It turns out that Suzu is spending her time as a popstar in the parallel world of “U,” a virtual reality that promises a fresh start and a fresh start, something extremely promising for an uneasy teenage girl. As Internet popstar Bell (to be clear, spelled without an “e” as in the title, as Suzu’s name translates to “Bell” in English), she finds immediate viral fame, something that quickly puts her in the spotlight. contact with another famous – or rather, infamous – inhabitant of U: “The Beast”, with whom Suzu feels a mysterious kinship.
In some ways, Belle could be seen as responding to our growing desire to occupy fully visualized virtual social spaces – as seen for example with games like Fortnite and Animal Crossing: New Horizons, acting as spaces for concerts or interviews, and allowing people the ability to mingle during lockdown.
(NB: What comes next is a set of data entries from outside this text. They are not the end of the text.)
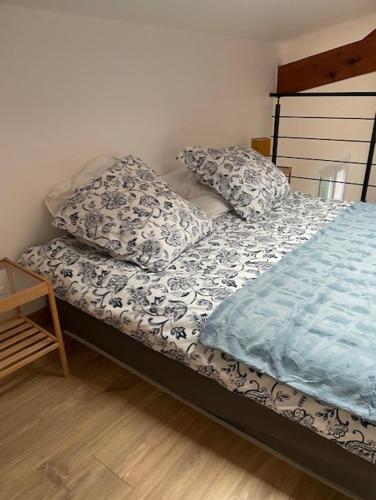 Cette chambre comprend un lit sans matelas et des oreillers. dans l'établissement Maison proche des plages tout confort avec Clim, à Mèze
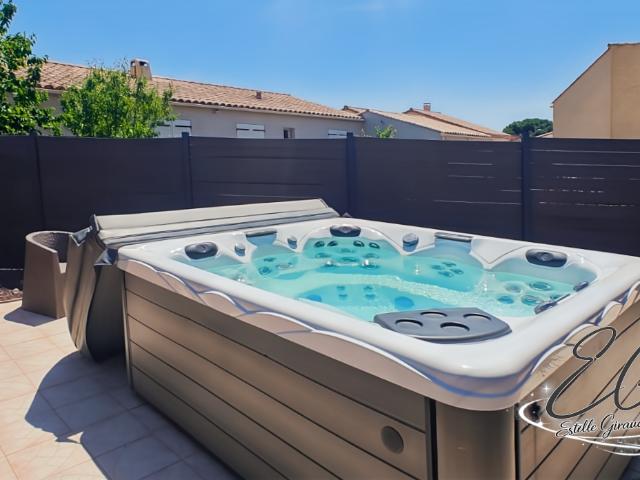 VILLEGLY: Villa de plain pied avec piscine et jacuzzi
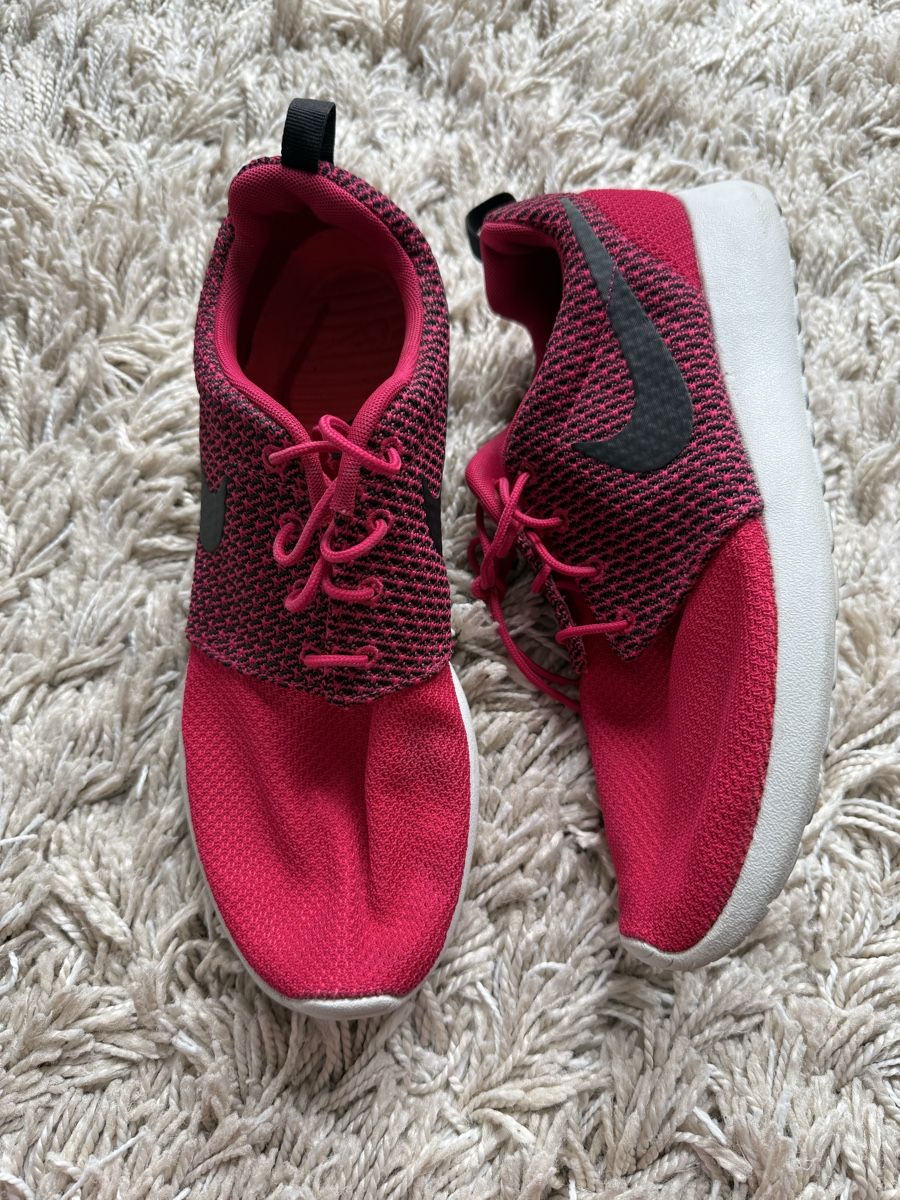 Nike Scarpe da uomo: Nike Rosherun – Usato da Zürich venduto da Sebi.063 1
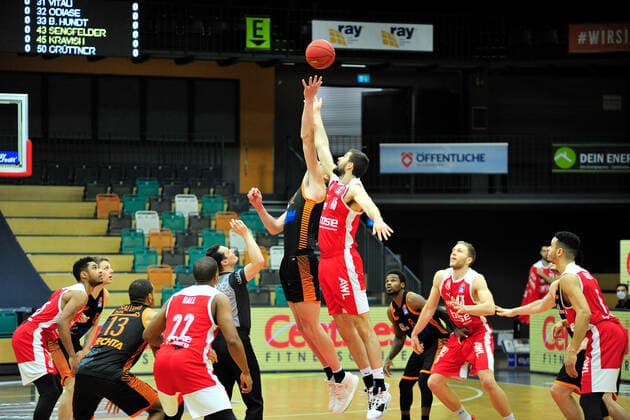 Basketball Bundesliga 12 Matchday RASTA Vechta Brose Bamberg on 08 01 2021 at the RASTA Dome in Vechta Dennis Clifford Vechta and David Kravish Bamberg at the highball BK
But it’s also much more fundamentally about the whole nature of online communication and how it can facilitate both personal transformation and self-reflection.
“I think the fact that there’s this other world where we can be another version of ourselves [helps to show] that we are not only what we show to society,” Hosoda told BBC Culture. “Belle and Suzu are so different that they’re practically different, but they’re actually the same person. Sometimes we end up believing that we are only one side of ourselves, but in reality we have many dimensions. And learning that and believing that helps us to be freer.”
Hosoda’s fantasies about digital life
Hosoda’s directing career began around the turn of the millennium, and as his filmography grew, parenthood and the lives of children clearly became his favorite themes. His previous film, 2018’s Mirai, explores a father becoming a stay-at-home parent for the first time. Before that, 2015’s Wolf Children and 2012’s The Boy and the Beast see single parents fearing where their children’s independence will take them, as well as the influence they have on the shape of their lives. But alongside this focus on family, a more specific interest he explored on several occasions was the role the internet plays in the development of today’s children – it’s something he touched on first seen in his very first feature, Digimon: The Film and returned in 2009’s Summer Wars, about a high school kid involved in an online world called Oz, and now Belle.
Indeed, this motif of children seeking guidance and refuge in fantastical digital realms is perhaps the most striking element of his work – even in his films that don’t explicitly deal with the internet like Mirai, where the tree The young protagonist’s genealogy is presented as a sort of traversable web space. His films often visually reflect the influence of digital culture by having one foot in and one foot out of reality – for example, while his characters may be designed with a sober and natural look, they very often act with overreactions and cartoons. Thematically, the mundane usually collides with the otherworldly as its young or adolescent protagonists navigate their rapidly changing lives doing something physically impossible – time travel in The Girl Who Leapt Through Time and Mirai, being taken to another dimension in The Boy and the Beast, and entering a virtual reality in Summer Wars and Belle.